Bang for the Buck 2012

My conversation during the Kentucky Board of Education meeting last week with Kentucky Department of Education Associate Commissioner Hiren Desai confirms our new “Bang for the Buck 2012: How efficient are Kentucky’s schools” report is helping the effort to improve education accounting activities in the state.

Our report has helped local district finance folks appreciate the importance of a Kentucky Department of Education project to move from storing each district’s financial data on a local district server to placing all of the information in one, easily accessible web location in “The Cloud.” That change will allow financial experts at the department to directly and efficiently access data from local districts, a process currently overly complicated by the fact that the fiscal information resides in 174 databases at the school district level.

By December 2012, 173 school districts will have transitioned to “The Cloud.” Desai informs me that the data will be also be backed up and secured at two separate disaster recovery sites. Multiple security safeguards will also be in place to protect the confidentiality of this sensitive data.

Associate Commissioner Desai told me that other collaborative efforts to improve the MUNIS financial system are also in the works. One key plan is a badly needed and ongoing effort to review and update the necessary training and minimum qualifications for district finance officers. The department is coordinating with the Kentucky Association of School Business Officials (KASBO) and the School Financial Management Institute (SFMI) at the University of Kentucky College of Business and Economics on this joint initiative.

Feedback to us from multiple sources regarding our Bang for the Buck 2012 study indicates considerable concern both in Frankfort and the field regarding the training and qualifications of not only district finance officers but also administrative and data entry staff at the local level. This issue reportedly is related to fiscal entry errors. That, as we noted in our report, makes the current MUNIS data inconsistent from district to district, severely impeding any attempts to conduct more detailed bang for the buck studies.

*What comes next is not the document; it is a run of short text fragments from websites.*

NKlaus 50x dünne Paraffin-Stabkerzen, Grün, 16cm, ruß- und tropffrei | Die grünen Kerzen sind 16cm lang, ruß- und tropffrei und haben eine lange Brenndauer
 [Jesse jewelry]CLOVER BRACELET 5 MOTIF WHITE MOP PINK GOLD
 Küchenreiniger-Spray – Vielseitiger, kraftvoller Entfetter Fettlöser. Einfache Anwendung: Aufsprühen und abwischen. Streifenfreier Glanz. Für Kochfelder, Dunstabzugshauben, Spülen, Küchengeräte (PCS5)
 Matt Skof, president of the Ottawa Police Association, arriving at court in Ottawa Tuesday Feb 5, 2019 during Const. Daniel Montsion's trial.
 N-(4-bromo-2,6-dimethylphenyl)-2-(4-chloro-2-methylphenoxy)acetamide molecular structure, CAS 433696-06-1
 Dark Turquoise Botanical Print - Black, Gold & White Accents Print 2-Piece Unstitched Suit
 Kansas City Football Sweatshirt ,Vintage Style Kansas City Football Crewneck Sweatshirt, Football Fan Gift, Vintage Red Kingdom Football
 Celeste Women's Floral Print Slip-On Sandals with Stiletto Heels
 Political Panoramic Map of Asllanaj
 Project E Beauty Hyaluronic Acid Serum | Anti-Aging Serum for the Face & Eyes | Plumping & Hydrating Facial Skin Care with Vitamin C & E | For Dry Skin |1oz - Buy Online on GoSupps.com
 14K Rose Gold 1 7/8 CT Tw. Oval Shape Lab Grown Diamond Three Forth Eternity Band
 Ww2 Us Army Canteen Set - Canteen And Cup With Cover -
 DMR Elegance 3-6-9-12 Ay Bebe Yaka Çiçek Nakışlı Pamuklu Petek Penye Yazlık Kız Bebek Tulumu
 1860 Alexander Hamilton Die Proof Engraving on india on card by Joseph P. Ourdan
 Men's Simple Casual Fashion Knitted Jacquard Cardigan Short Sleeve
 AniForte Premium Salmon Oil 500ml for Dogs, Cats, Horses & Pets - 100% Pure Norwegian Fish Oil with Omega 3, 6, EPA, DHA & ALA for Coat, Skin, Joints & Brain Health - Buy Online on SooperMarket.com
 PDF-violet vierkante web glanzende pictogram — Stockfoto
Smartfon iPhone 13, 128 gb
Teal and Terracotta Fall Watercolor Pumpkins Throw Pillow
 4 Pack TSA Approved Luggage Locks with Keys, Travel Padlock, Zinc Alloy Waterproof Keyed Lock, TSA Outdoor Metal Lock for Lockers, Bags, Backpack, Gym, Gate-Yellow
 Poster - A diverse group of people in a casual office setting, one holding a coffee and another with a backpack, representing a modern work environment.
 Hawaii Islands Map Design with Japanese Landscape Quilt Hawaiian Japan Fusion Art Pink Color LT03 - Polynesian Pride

Desai noted that the Kentucky Department of Education recognizes the importance of good data quality and created a Division of Enterprise Data in 2010 to coordinate such efforts. Desai complimented the report from the Bluegrass Institute as helping to focus this conversation, shining a critical spotlight on the need for good and accurate data at all levels. The discussions generated by our report are helping to make the case that many changes desired by both the department and local finance officers really are needed.